— Brief —
Among the entries below, only the lines from the one with "Chic White Puff Sleeve Ruffle Top" through the one with "50 Pieces Lapel" are to be retyped, exactly and without pictures.

** Extracted material follows **

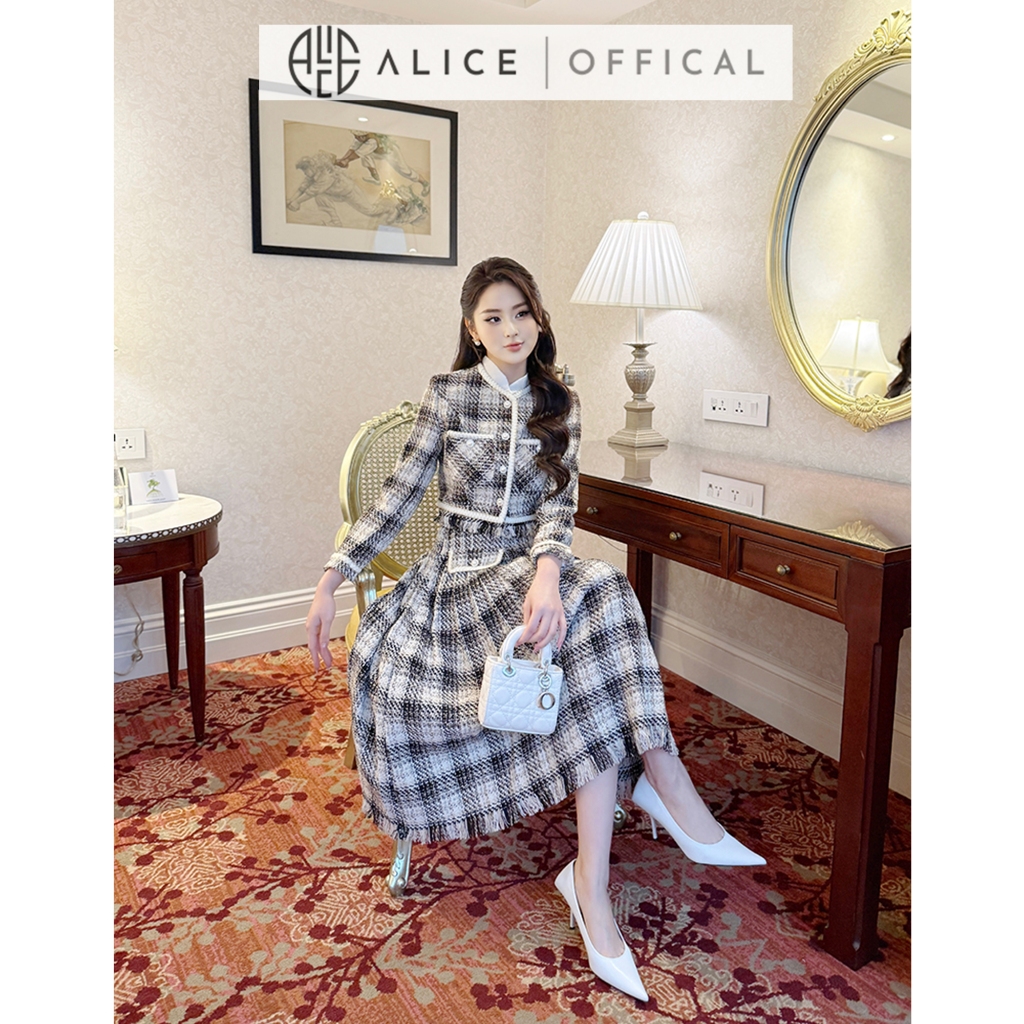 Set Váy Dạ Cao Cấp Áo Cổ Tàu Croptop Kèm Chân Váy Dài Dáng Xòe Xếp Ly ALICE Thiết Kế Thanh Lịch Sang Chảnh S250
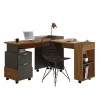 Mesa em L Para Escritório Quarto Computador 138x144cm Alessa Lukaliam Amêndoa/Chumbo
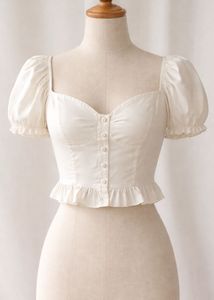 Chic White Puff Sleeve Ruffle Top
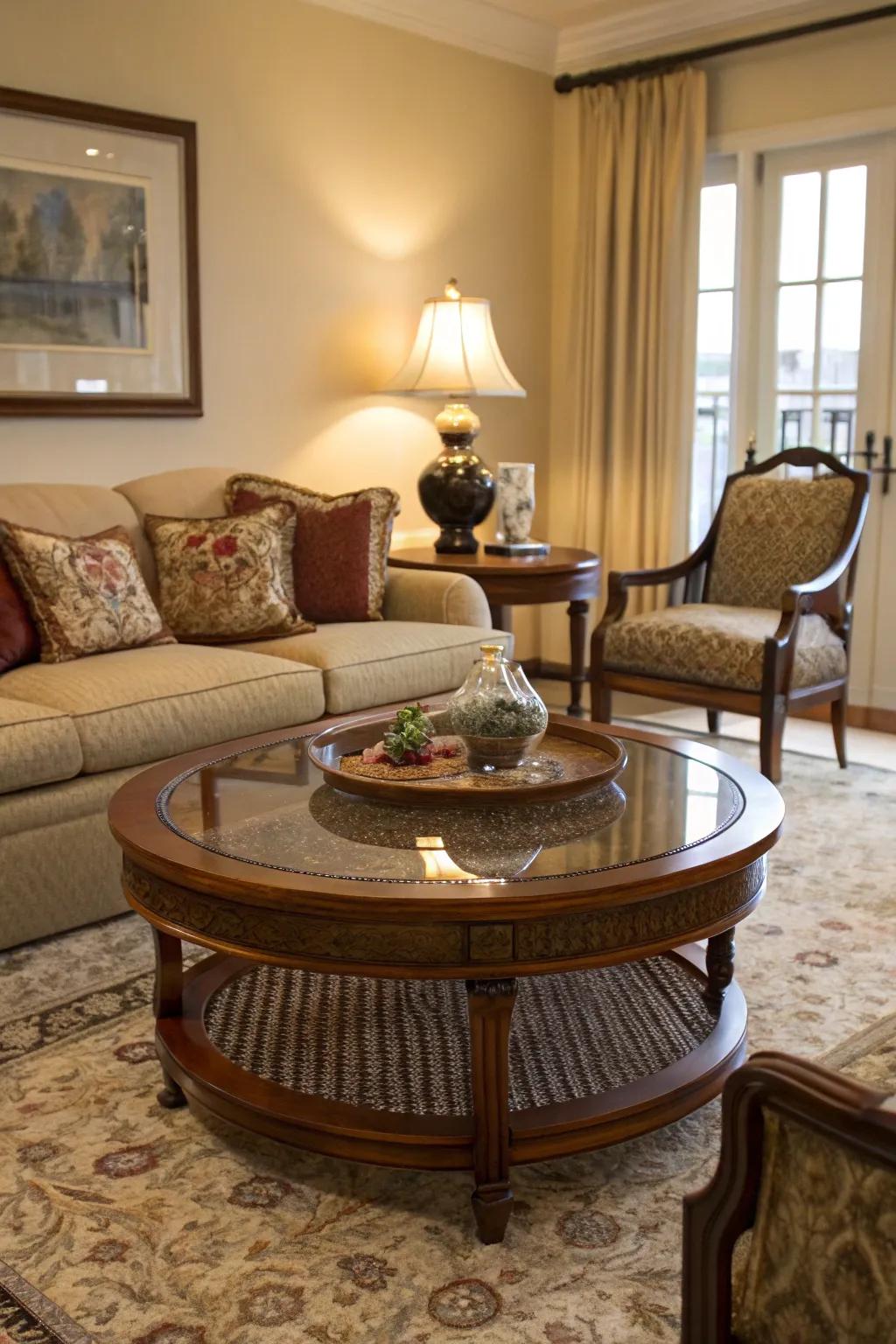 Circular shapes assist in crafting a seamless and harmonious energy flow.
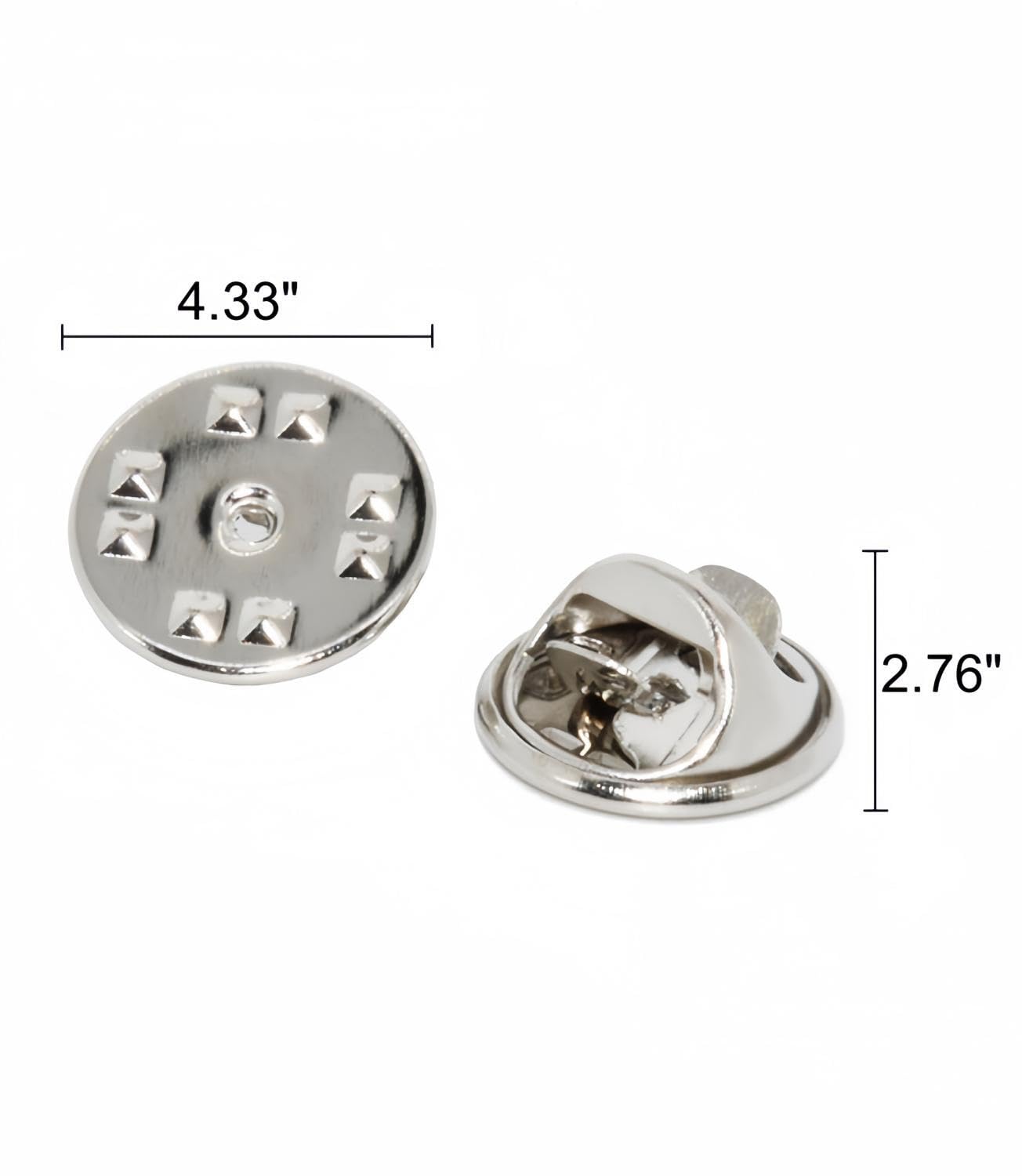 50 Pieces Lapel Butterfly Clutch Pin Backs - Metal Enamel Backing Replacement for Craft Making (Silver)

** End of Extracted material **
** Extracted material follows **

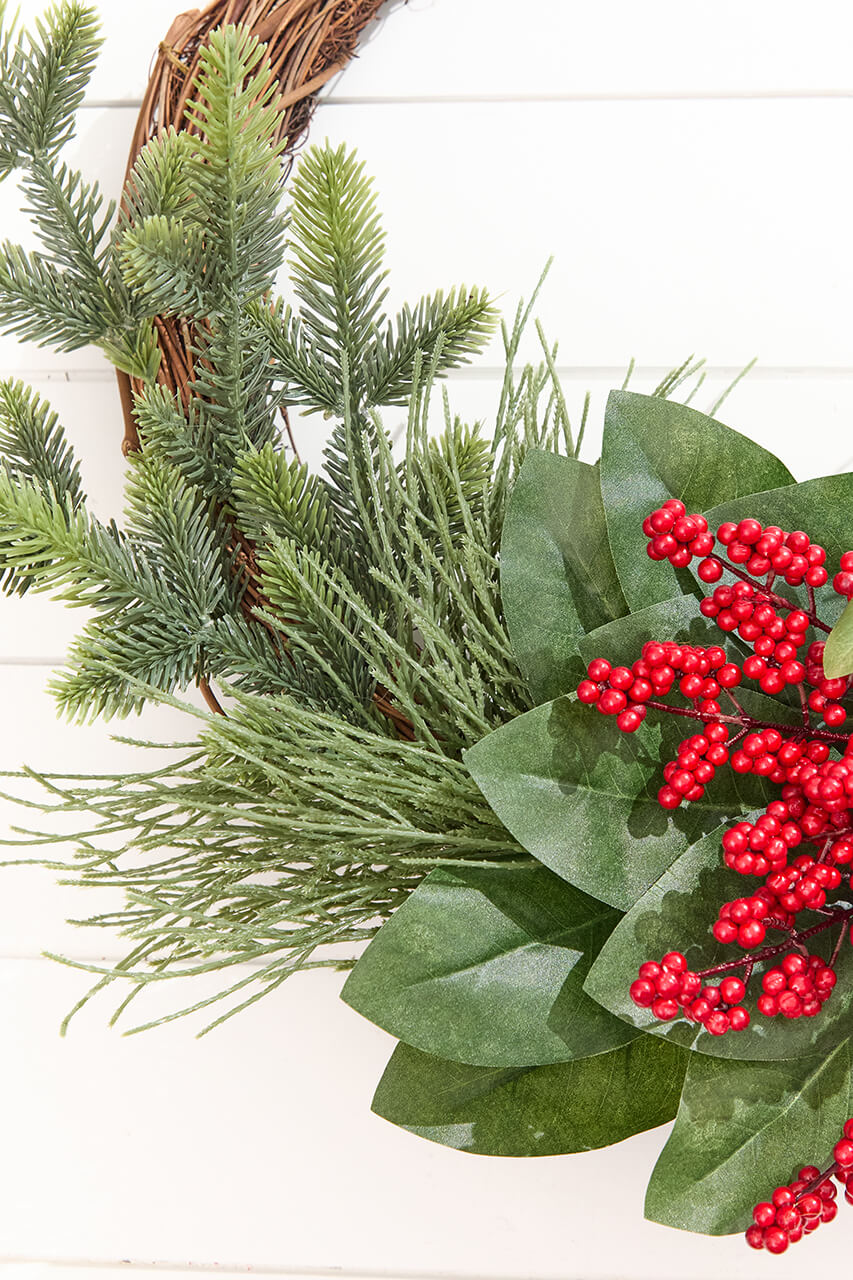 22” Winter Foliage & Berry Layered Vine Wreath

** End of Extracted material **

— Answer to this task —
 Chic White Puff Sleeve Ruffle Top
 Circular shapes assist in crafting a seamless and harmonious energy flow.
 50 Pieces Lapel Butterfly Clutch Pin Backs - Metal Enamel Backing Replacement for Craft Making (Silver)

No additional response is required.